14 responses to “Nelson Mandela RIP”

  1. David Ellis says:

    The South Africa that Mandela helped build and has left behind is a semi-colonial nightmare for the working classes. In most cases workers are worse off than they were under apartheid living in the most wretched shanty towns and grinding poverty. They are shot down by the police with even less mercy than was shown by the Boers. Today’s South Africa is a crystal clear example of the treachery of Stalinist popular frontism which subordinates the working classes to the political programme of the petit bourgeois national capitalists whose opposition to the colonialists and imperialist capitalists turns out to be even less than skin deep. Mandela’s South Africa is a living advertisement for Permanent Revolution and the political independence of the working classes.

    • Philip P says:

      Your assertion that the workers were “in most cases” better off under Apartheid is historically illiterate at best and racist at worst.

  2. Mick Piggott says:

    Just had to turn off the Jeremy Vine Show when Bliar came on. So now all the cockroaches are crawling out … RIP Madiba.

  3. Mick Piggott says:

    … also pretty sickened to see Cameron praise him. Hypocritical bastard. People should remember that Cameron’s heroine Thatcher called Madiba a terrorist.

  4. KEVIN O'CONNOR says:

    Kevin O’Connor Islington left unity

    Although Nelson Mandela and the ANC did a great job in overthrowing the apartheid regime in South Africa one cannot be blind to the present ANC control of present day South Africa.

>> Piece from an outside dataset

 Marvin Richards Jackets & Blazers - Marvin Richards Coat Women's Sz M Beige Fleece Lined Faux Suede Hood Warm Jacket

    The white wealthy capitalists still mainly run the countries economy they allow a few ANC and Communist Party appointments on the board. Also one must not overlook the recent massacre of striking miners. This outrageous action was supported by the South African Communist party.

    Forward to the socialist transformation of South Africa.

  5. John Tummon says:

    Thatcher said in 1987: ‘The ANC is a typical terrorist organisation … Anyone who thinks it is going to run the government in South Africa is living in cloud-cuckoo land’. Under Thatcher, economic sanctions were largely resisted. Some equipment useful to the police and army continued to get through.

    Her stand had divided the Commonwealth 48-1 at three conferences after 1985, but had brought her influence in South Africa’s white community. Rejecting the U.S. policy of disinvestment as a mistake, she argued a prosperous society would be more receptive to change.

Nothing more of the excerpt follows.